What do you do with a $5,000 Carolina Herrera wedding dress after you’ve gotten divorced? Do you tailor it above-the-knee and dye it black and pair it with chunky, clunky Doc Martens and wear it to the Eagle Rock Trader Joe’s late-night whilst shopping for your kids’ school lunch snacks? Do you donate it to the local hachnasat kallah for a Jewish bride in need? Do you list it on TheRealReal and maybe make back half of what you paid for it and use the cash for a Single Working Jewish Mom Fuck It Trip to Cabo? 

It was not the first wedding dress I purchased.

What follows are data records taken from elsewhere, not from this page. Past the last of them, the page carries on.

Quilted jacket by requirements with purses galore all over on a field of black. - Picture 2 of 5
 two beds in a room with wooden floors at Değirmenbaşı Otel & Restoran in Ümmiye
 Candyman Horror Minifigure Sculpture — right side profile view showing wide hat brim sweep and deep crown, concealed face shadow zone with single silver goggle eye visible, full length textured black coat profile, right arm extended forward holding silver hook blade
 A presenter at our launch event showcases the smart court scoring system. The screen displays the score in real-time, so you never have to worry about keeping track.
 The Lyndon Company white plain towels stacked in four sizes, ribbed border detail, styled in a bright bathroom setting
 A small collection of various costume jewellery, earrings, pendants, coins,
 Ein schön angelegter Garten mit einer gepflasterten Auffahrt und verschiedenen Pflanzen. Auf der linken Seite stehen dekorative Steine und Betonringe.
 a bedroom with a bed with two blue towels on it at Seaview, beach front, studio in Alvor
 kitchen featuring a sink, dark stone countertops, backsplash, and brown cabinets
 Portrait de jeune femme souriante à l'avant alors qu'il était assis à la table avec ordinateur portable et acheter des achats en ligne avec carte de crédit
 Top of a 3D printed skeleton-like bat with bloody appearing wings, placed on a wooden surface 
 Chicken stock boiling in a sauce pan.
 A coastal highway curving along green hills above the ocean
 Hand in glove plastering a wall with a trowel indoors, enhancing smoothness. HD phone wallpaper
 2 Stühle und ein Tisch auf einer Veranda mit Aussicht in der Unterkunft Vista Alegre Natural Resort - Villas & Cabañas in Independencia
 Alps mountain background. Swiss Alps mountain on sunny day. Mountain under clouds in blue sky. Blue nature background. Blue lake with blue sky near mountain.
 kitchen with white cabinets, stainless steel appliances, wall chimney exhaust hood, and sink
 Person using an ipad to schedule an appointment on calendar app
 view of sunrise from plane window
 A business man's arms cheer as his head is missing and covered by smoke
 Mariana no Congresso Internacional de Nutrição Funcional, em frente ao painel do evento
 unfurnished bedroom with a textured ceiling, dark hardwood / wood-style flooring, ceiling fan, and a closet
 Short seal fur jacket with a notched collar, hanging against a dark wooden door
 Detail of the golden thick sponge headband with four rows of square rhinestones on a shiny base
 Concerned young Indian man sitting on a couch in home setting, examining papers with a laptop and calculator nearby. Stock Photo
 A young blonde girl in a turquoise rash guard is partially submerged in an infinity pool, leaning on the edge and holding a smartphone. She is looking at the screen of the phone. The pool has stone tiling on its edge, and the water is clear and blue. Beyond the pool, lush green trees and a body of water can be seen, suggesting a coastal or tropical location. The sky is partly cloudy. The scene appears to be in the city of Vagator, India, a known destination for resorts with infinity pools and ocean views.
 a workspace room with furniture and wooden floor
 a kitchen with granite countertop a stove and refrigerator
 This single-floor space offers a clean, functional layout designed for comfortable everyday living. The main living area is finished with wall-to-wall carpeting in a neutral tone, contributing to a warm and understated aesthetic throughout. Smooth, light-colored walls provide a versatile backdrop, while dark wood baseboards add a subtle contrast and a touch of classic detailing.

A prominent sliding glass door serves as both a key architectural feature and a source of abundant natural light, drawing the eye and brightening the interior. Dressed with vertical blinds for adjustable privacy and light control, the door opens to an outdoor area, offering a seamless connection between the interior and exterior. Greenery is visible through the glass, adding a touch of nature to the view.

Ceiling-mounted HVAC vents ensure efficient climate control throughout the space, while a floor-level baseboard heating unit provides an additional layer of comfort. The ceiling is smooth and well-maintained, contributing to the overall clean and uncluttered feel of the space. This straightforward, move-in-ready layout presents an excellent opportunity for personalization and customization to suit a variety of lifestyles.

That inaugural monstrosity of dupioni silk and crystal appliques came from Priscilla of Boston, the now defunct high-end bridal boutique on Boylston Street where my mother insisted we shop because Priscilla Kidder designed the bridesmaids’ gowns for Grace Kelly.  I’d been living in LA for nine years at that point, but my fiance and I were both from the east coast, and our engagement fete that mid-November weekend—tea and bellinis, a party invite title my father, a Russian-Jewish Masshole raised on kishka and borscht, is still attempting to parse—made for the perfect opportunity to buy everybody’s outfits for the impending nuptials that following June.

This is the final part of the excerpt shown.